EC500: Optimization for Machine Learning

EC500: Optimization for Machine Learning (Spring 2021)

Efficient algorithms to train large models on large datasets have been critical to the recent successes in machine learning and deep learning. This course will introduce students to both the theoretical principles behind such algorithms as well as practical implementation considerations. Topics include convergence properties of first-order optimization techniques such as stochastic gradient descent, adaptive learning rate schemes, and momentum. Particular focus will be given to the stochastic optimization problems with non-convex loss surfaces typically present in modern deep learning problems.
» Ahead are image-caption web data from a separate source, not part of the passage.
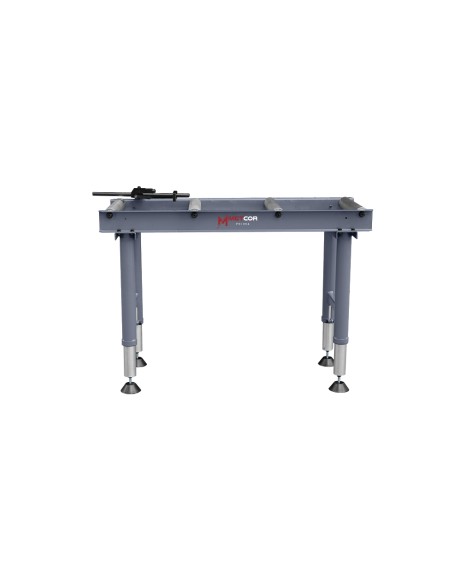 Conveior cu role RB365 1m, stabil si flexibil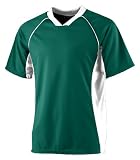 Youth Wicking Soccer Shirt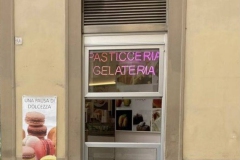 Pasticceria Dolcezza Firenze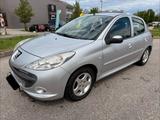 Peugeot 206 + Basis Klima - gebrauchte Peugeot 206 aus dem Jahr 2011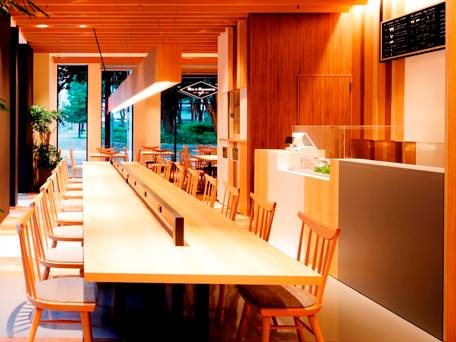 ホテル・アンドルームス名古屋栄 / 5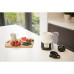 Blender Russell Hobbs Aura alb, negru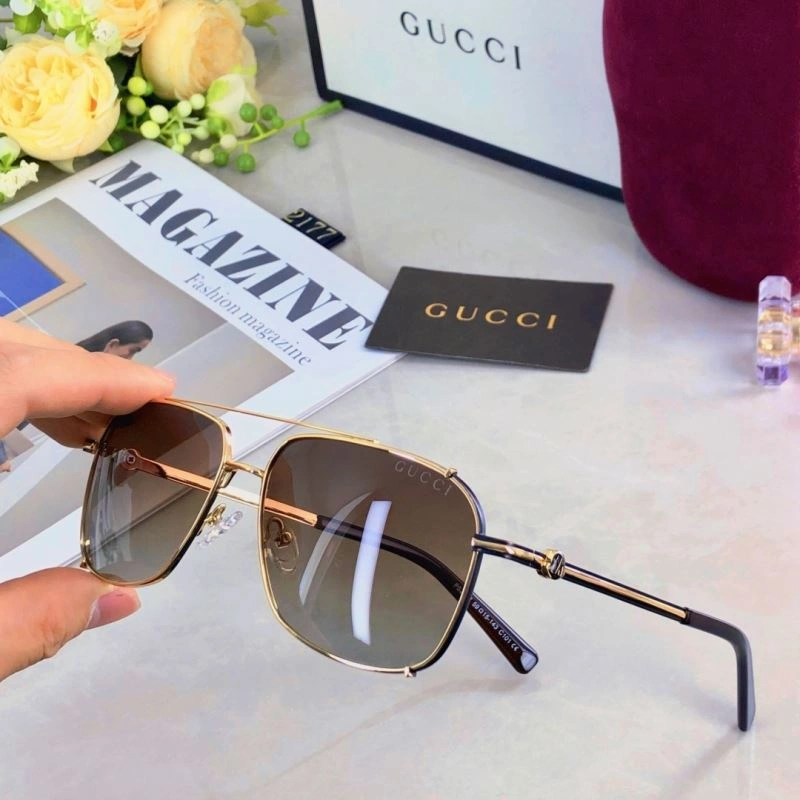 Modern Gucci Sunglasses 279901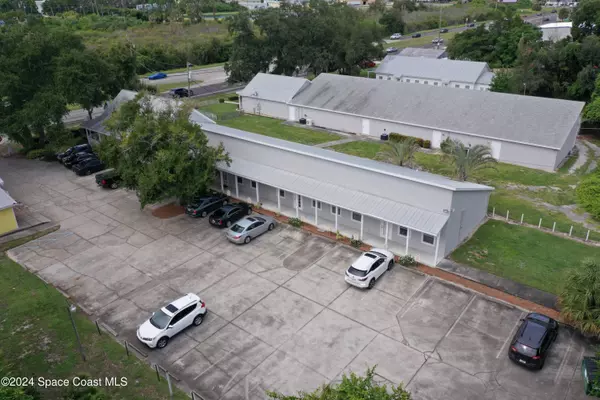 Rockledge, FL 32955,4087 Highway 1 #102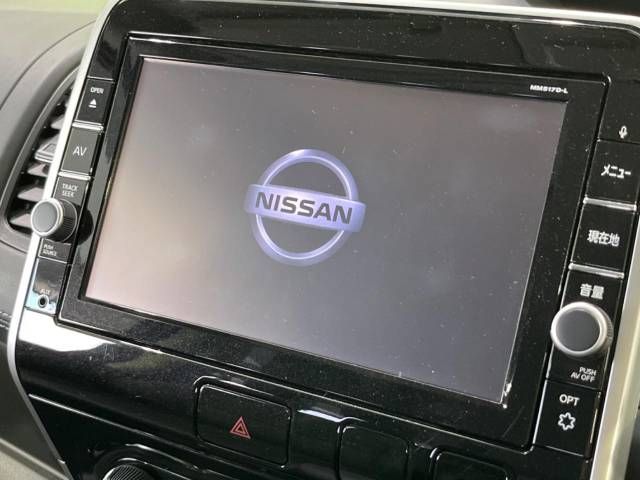 Nissan SERENA 2018-04 10664-3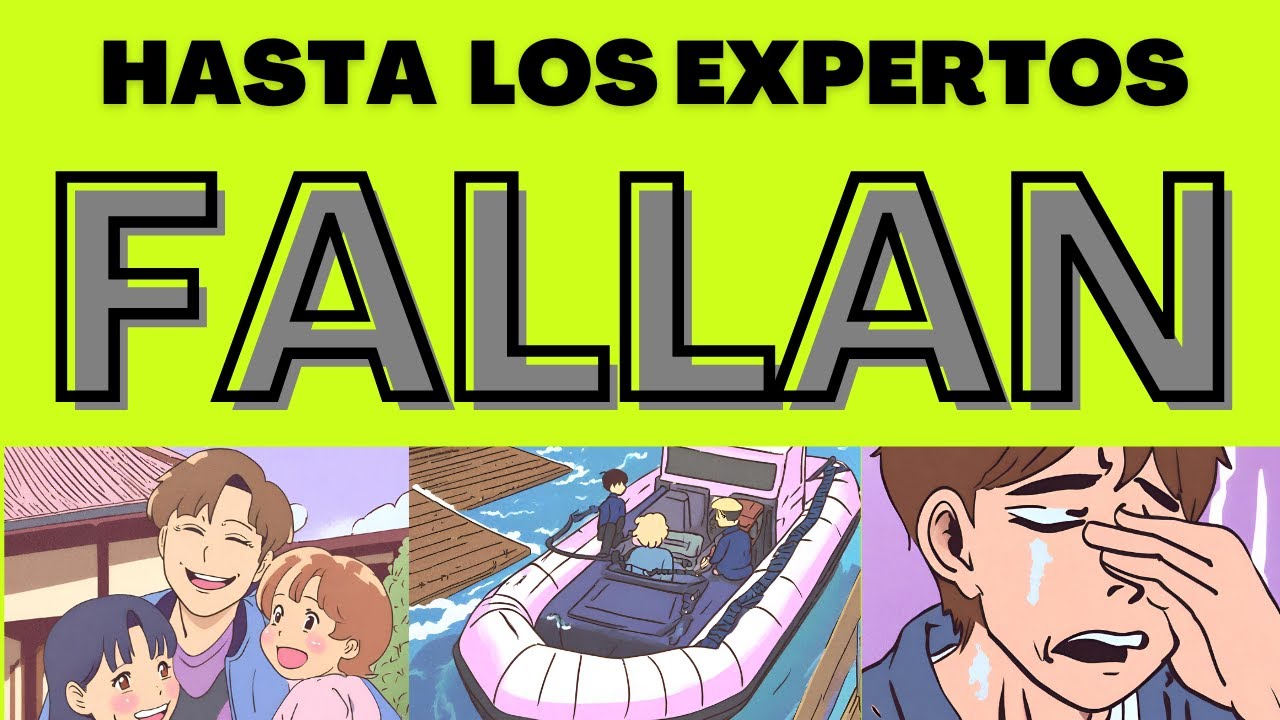 ¡Errores comunes al lanzar tu Barco que debes Evitar!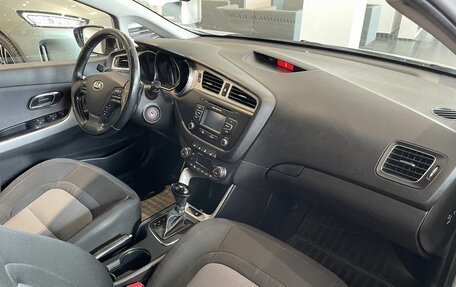 KIA cee'd III, 2014 год, 1 240 000 рублей, 11 фотография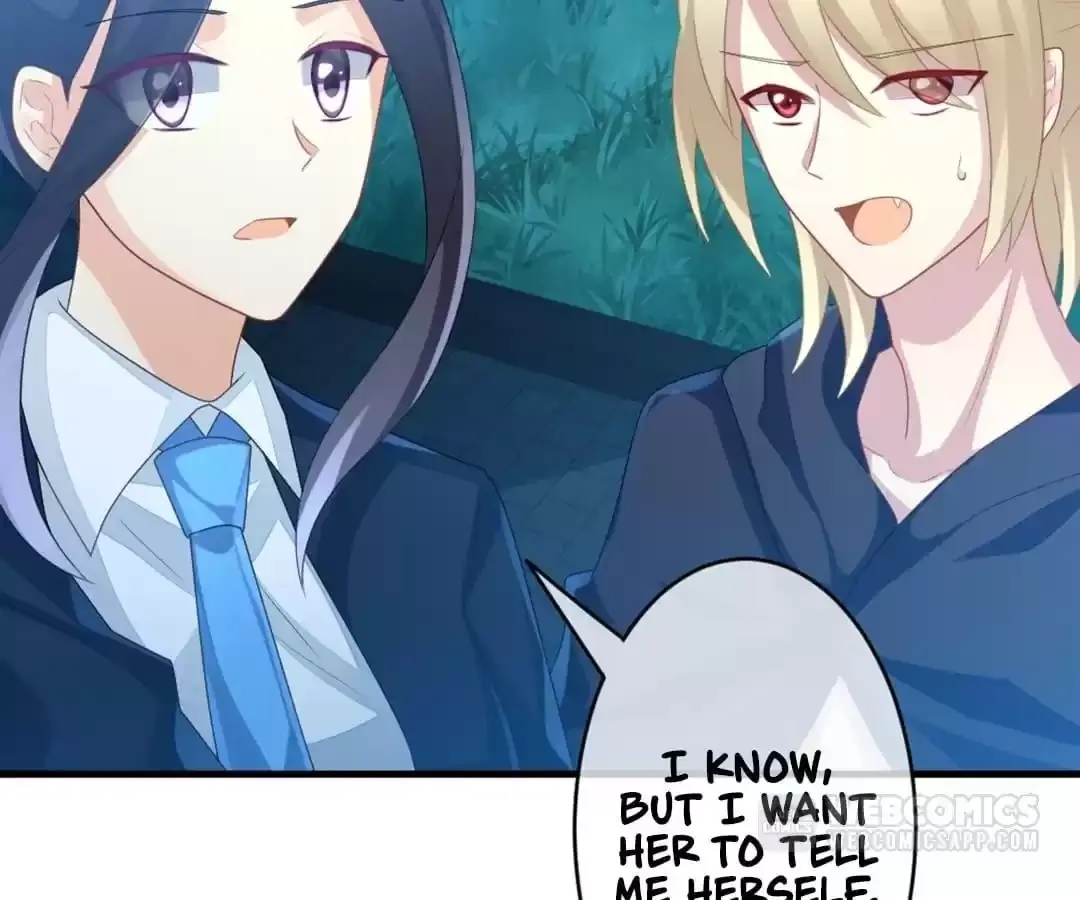 Bride of the Dawn Chapter 318 page 34 - 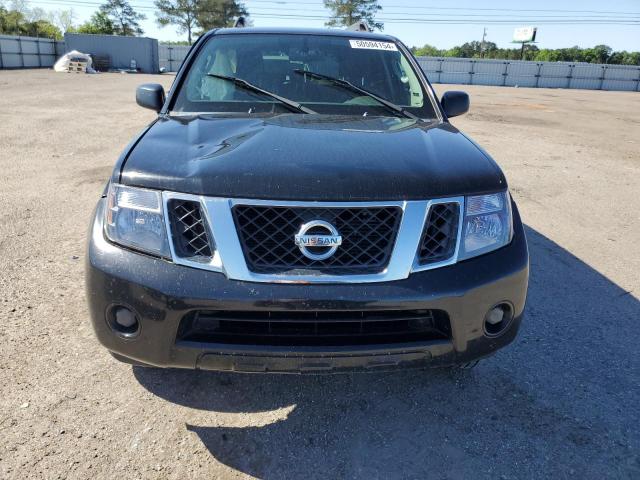 Photo 4 VIN: 5N1AR1NN6AC604443 - NISSAN PATHFINDER 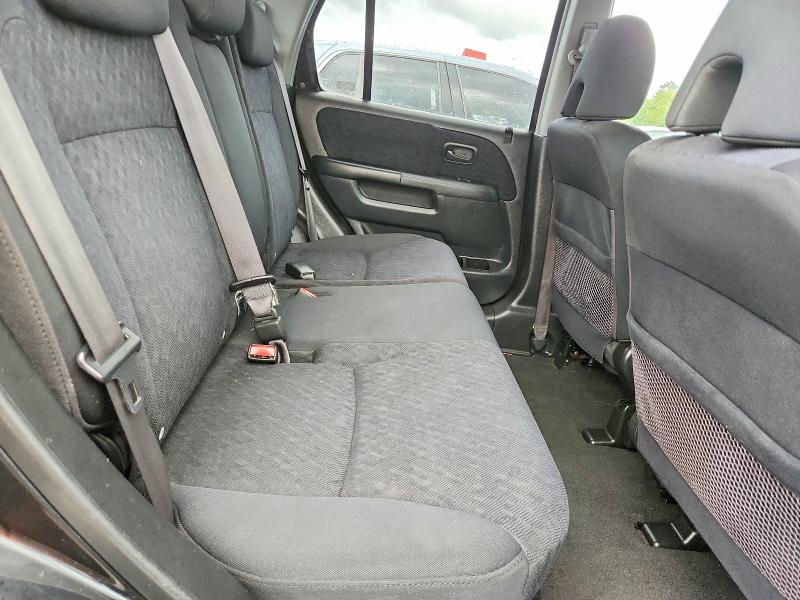 Auction sale of the 2006 Honda Cr-v, vin: JHLRD78586C803184, lot number: 63014216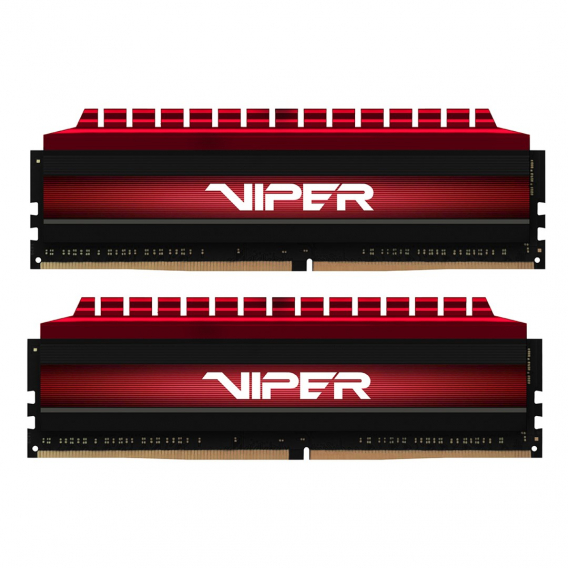 Obrázok pre Patriot Memory VIPER 4 paměťový modul 16 GB 2 x 8 GB DDR4 3600 MHz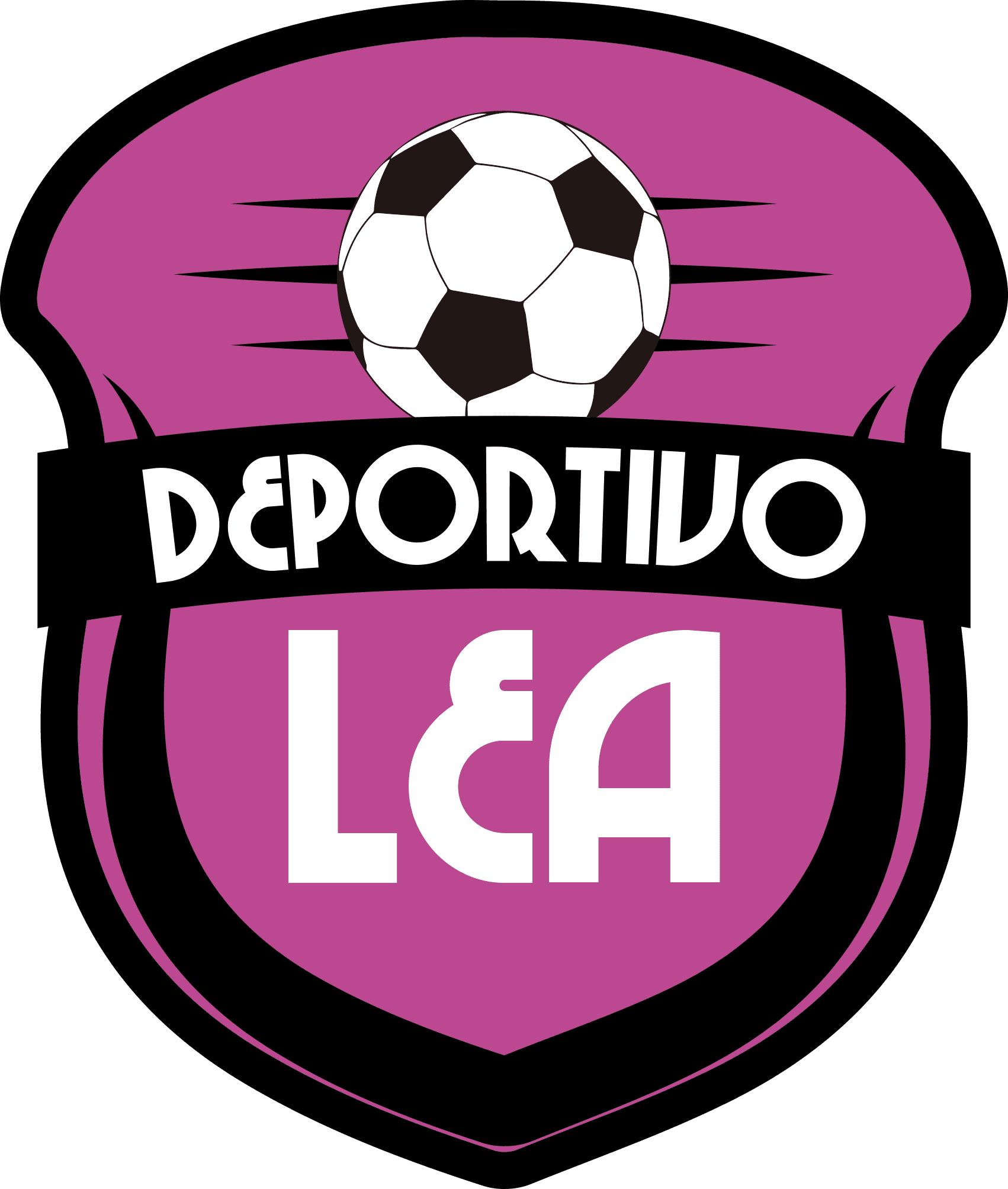 Logo de Deportivo Lea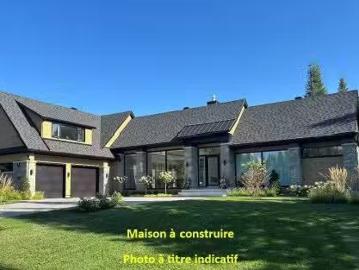 1708 Place Des Centaurées, Piedmont, QC, J0R 1K0 Luxury Hous.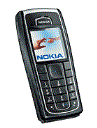 Best available price of Nokia 6230 in Capeverde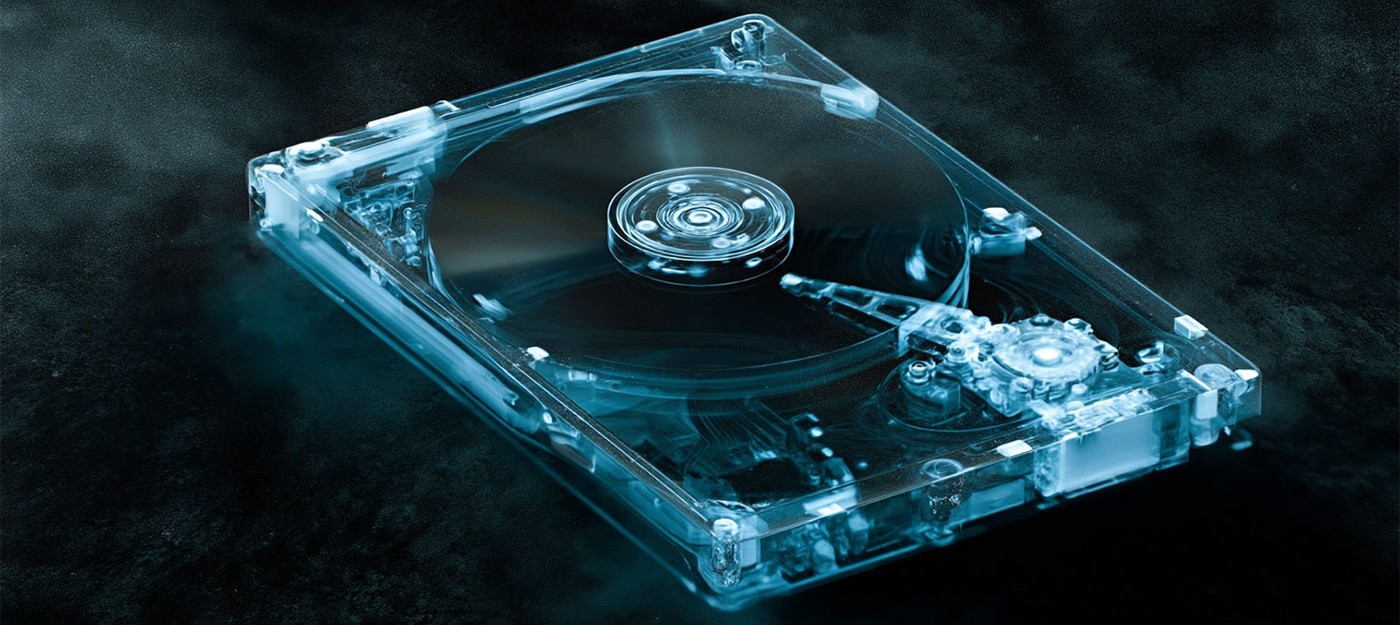 Toshiba начала поставки корпоративных жёстких дисков ёмкостью до 34 ТБ на базе SMR и MAMR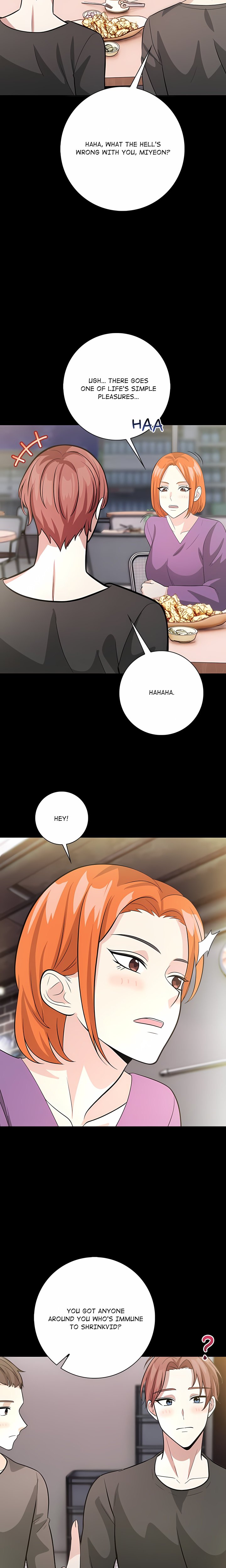 The National Length Crisis - Chapter 16 Page 17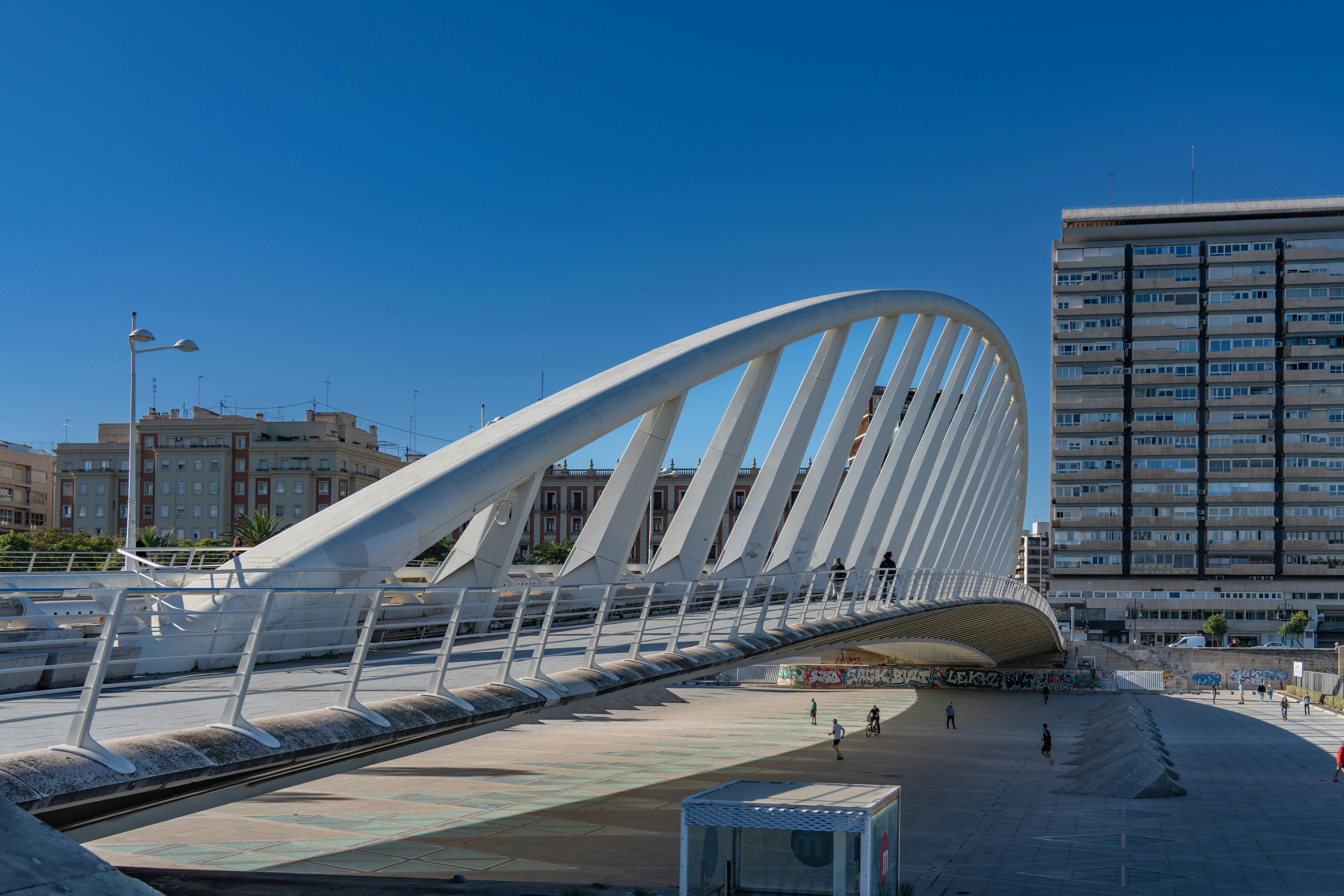 Fotos de Valencia, Comunidad Valenciana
Syllabus with meeting time and zoom link (BU login required)

Topics

Stochastic Gradient Descent
Momentum-based optimization, and accelerated gradient descent.
Adaptive gradient methods, including AdaGrad and Adam.
Normalized stochastic gradient descent, LARS and LAMB.
Large batch size optimization.
Stochastic preconditioning.
Memory-efficiency techniques.
Learning rate scheduling.
Hyperparameter tuning.
Second-order optimization and hessian-vector products.
Variance reduction.

Prerequisites

Ability to program in Python. Some experience with linear algebra, calculus, and probability. Example concepts that should be familiar include gradients, eigenvectors, eigenvalues, Taylor series, and expectations.